**DATASET EXCERPT:**
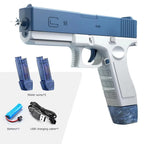 M416 Electric Water Gun – Full Automatic Summer Water Blaster for Outdoor Fun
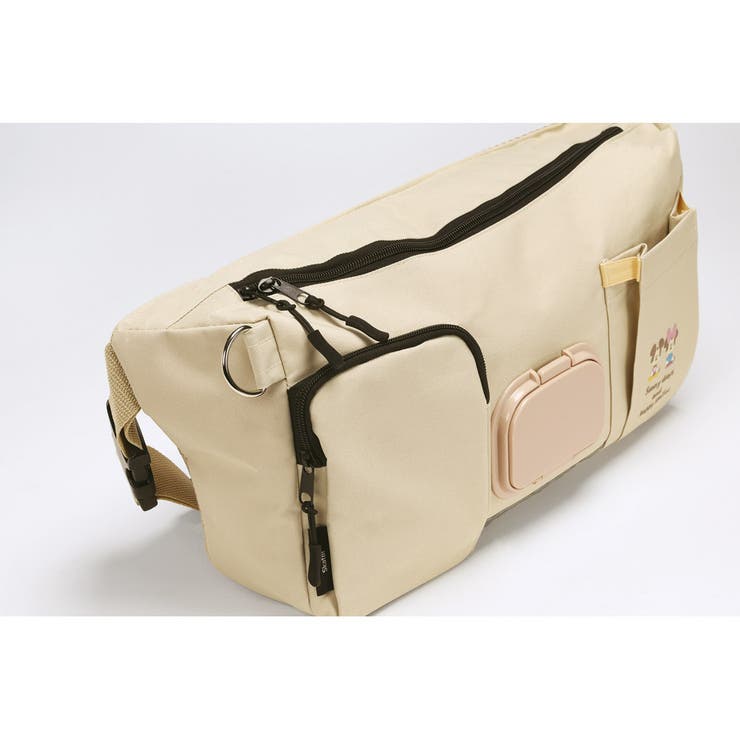 ボディバッグ ポケット付き バック | Skater | 詳細画像4 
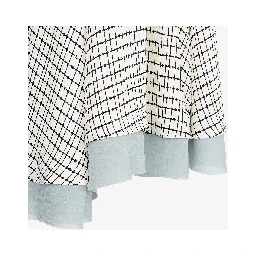 Silk dress
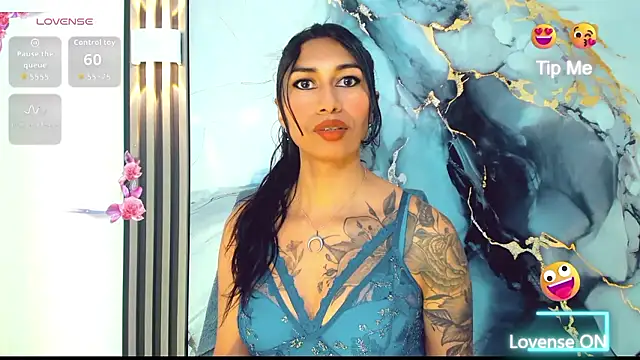 khiara moretti online show from 01.17.26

**PROBLEM DETAILS:**
Type the listing out again word for word, passing over each picture.

**WRITTEN REPLY:**
 M416 Electric Water Gun – Full Automatic Summer Water Blaster for Outdoor Fun
 ボディバッグ ポケット付き バック | Skater | 詳細画像4 
 Silk dress
 khiara moretti online show from 01.17.26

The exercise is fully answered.